__Aim of the task__
In the records below, repeat exactly the lines between the line holding "в Самара Цена:4500рублей" and the line holding "2022 Ronix Kinetik", inclusive, and drop the pictures.

__Supplied records__
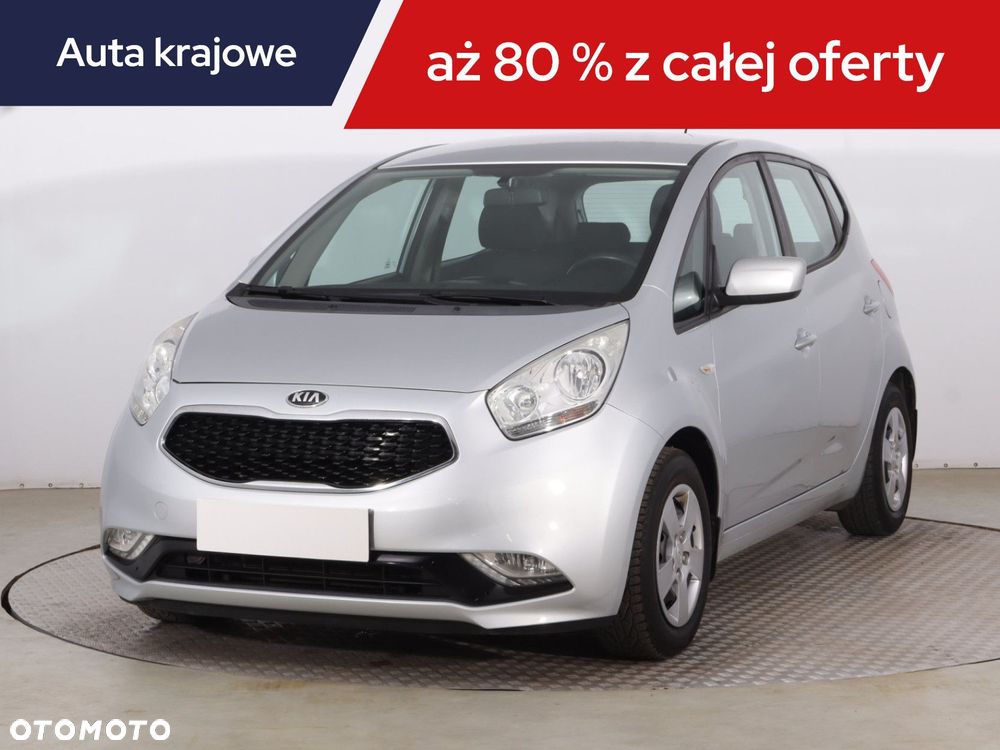 Kia Venga - 3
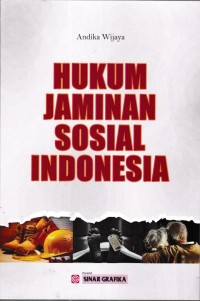 Hukum Jaminan Sosial Indonesia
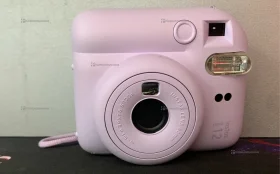 Купить Фотоаппарат  Fujifilm instax mini 12 б/у , в Самара Цена:4500рублей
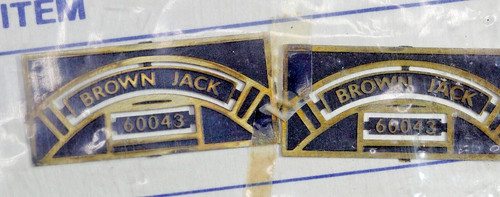 Jackson evans 4mm scale - jackson, oo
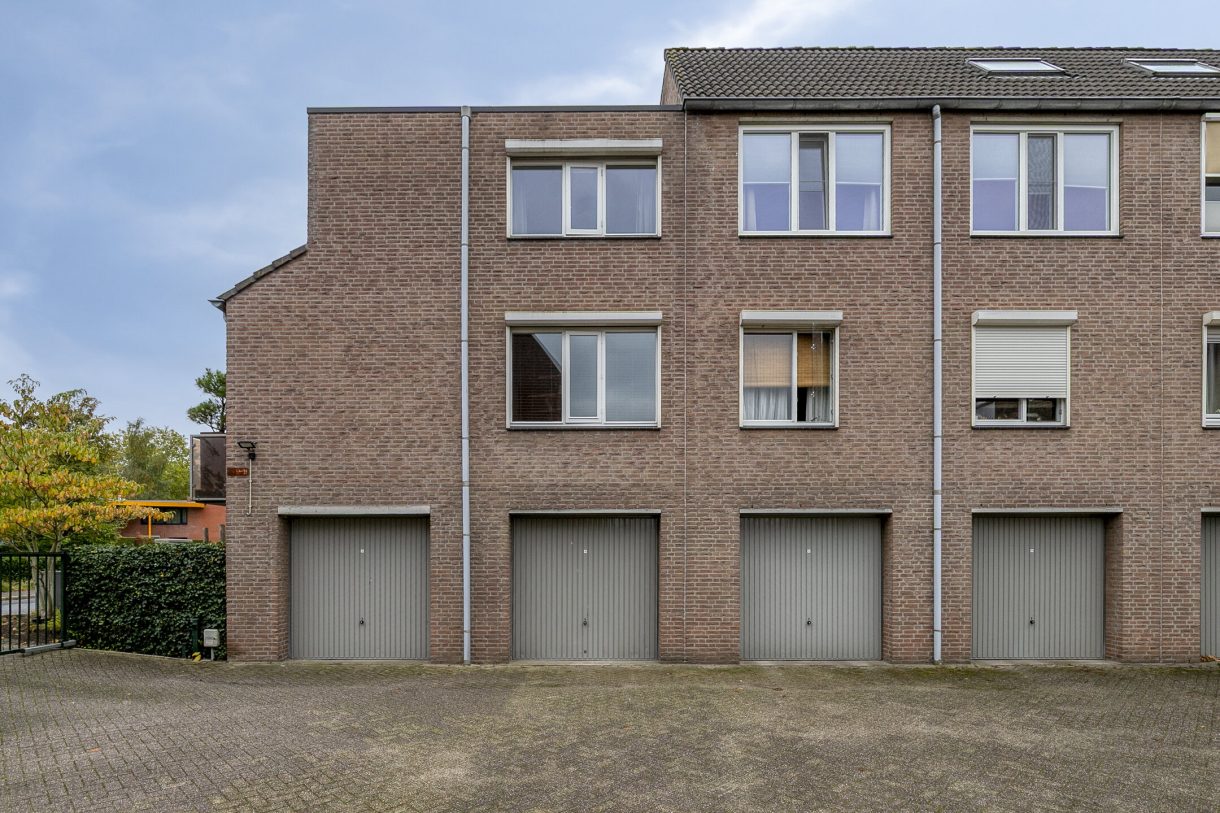 Te koop: Foto Appartement aan de Aldetiendstraat 20 in Uden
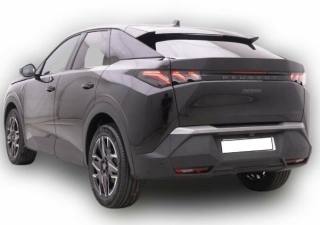PEUGEOT 3008 usata, con Telecamera per parcheggio assistito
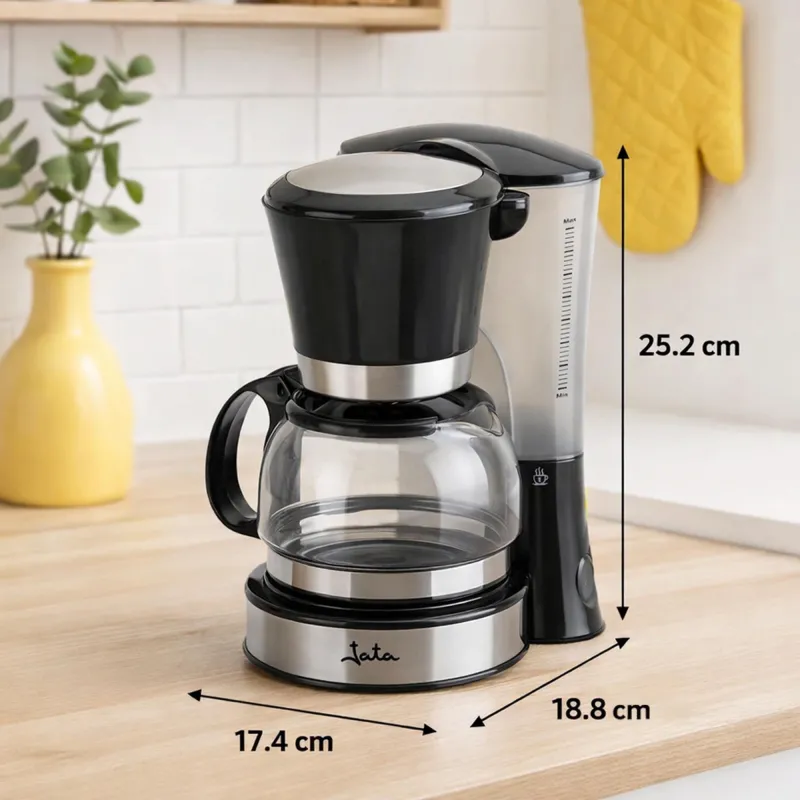 Coffee Maker CA288N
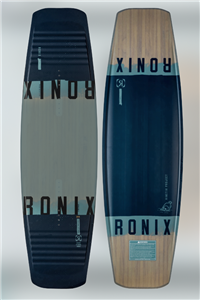 2022 Ronix Kinetik Project - Springbox 2 Wakeboard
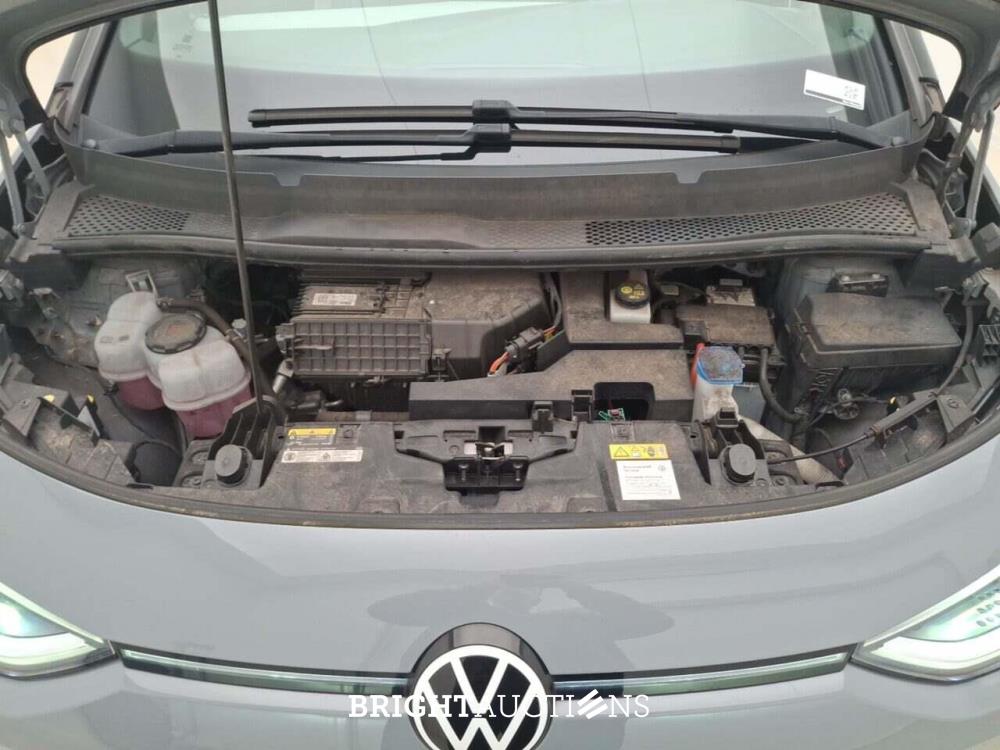 Volkswagen ID.3 First PLUS 58 kWh 204pk 2020 (Origineel-NL), J-519-XL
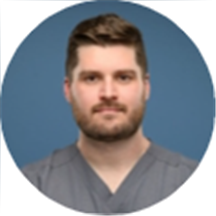 Scott Tilbrook, PA-C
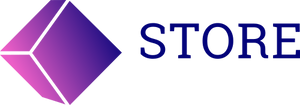 Store logo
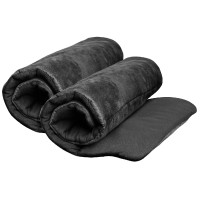 Sous-bandes LeMieux Bambou Noir Sous-bandes LeMieux Bambou Noir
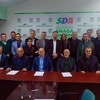 SDA Zenica: Kasumović je konačno priznao da je blokirao grad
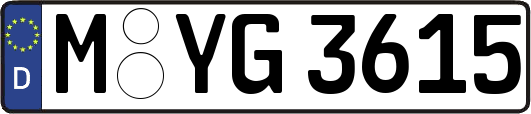 M-YG3615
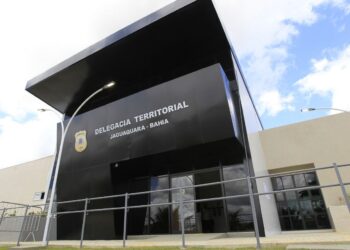 Homem é preso por descumprir medida protetiva de urgência em Jaguaquara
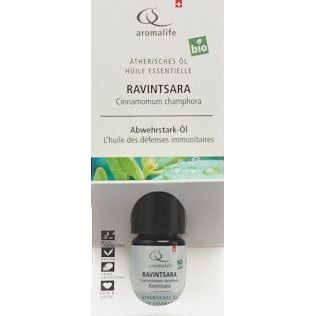 AROMALIFE TOP Ravintsara Äth/Öl BIO - COSMONDO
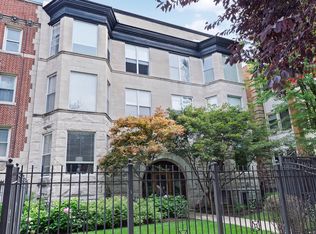 4729 N Beacon St, Chicago, IL 60640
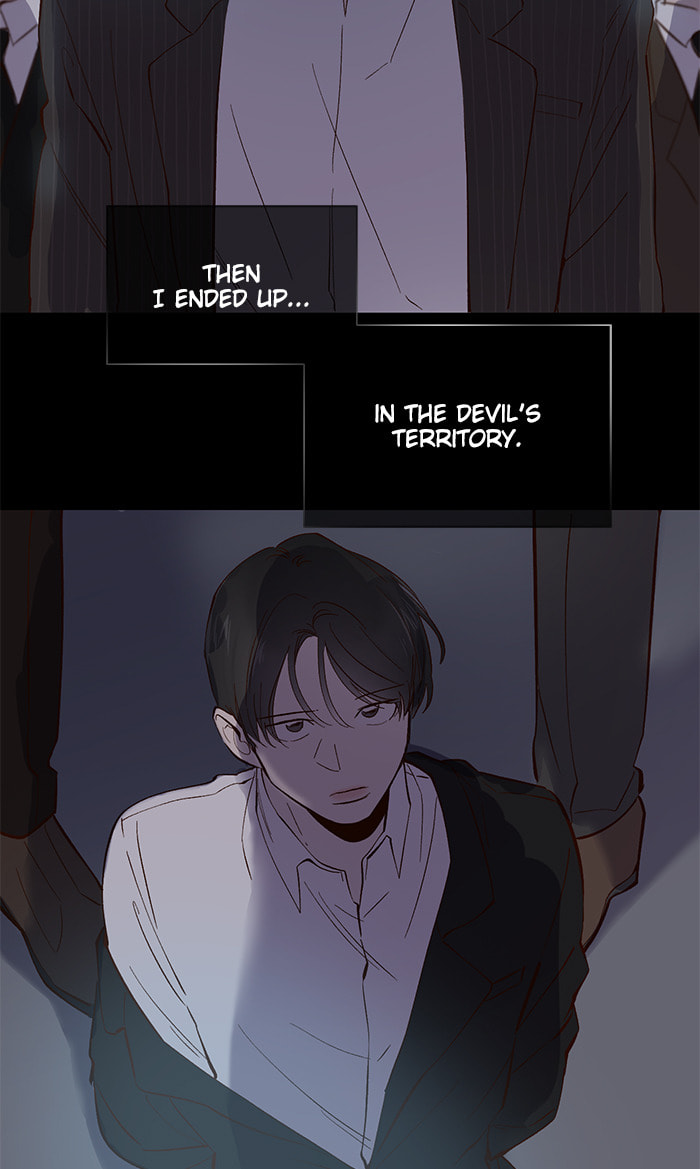 Devil Number 4 Chapter 85 page 29 - 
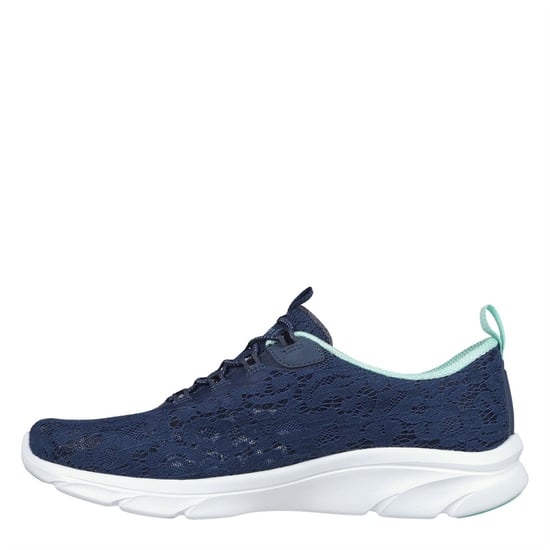 Women's Skechers Dlux Comf in Multi - Image 2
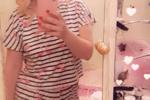 BBW photos +skinny photos when im was 55 kg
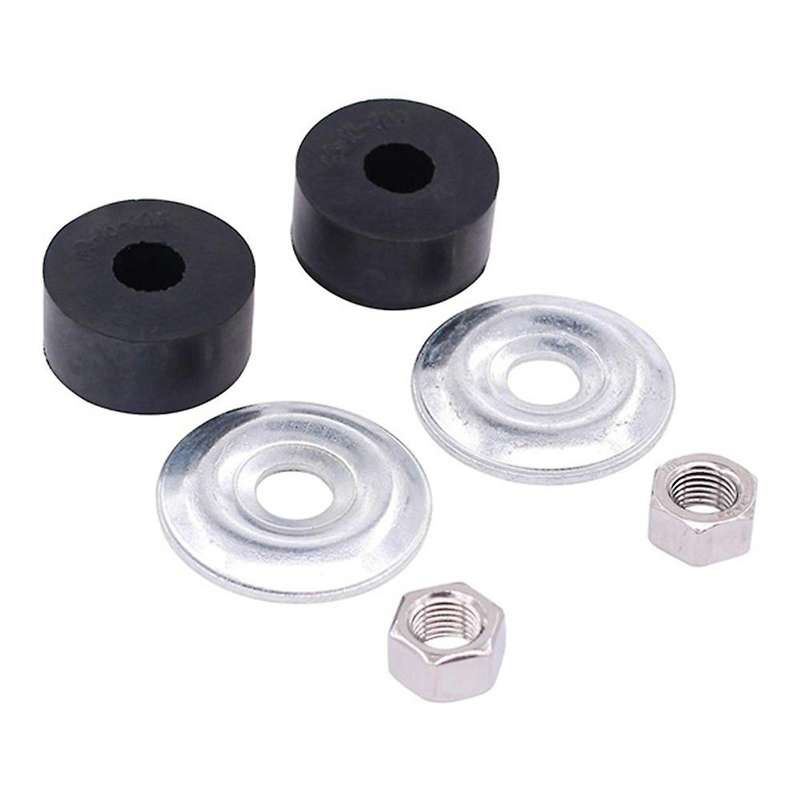 Golf Cart Cushion Bushing Kit for Club Car 1982&Up and Precedent 1011415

__Exercise answer__
 Купить Фотоаппарат  Fujifilm instax mini 12 б/у , в Самара Цена:4500рублей
 Jackson evans 4mm scale - jackson, oo
 Te koop: Foto Appartement aan de Aldetiendstraat 20 in Uden
PEUGEOT 3008 usata, con Telecamera per parcheggio assistito
 Coffee Maker CA288N
 2022 Ronix Kinetik Project - Springbox 2 Wakeboard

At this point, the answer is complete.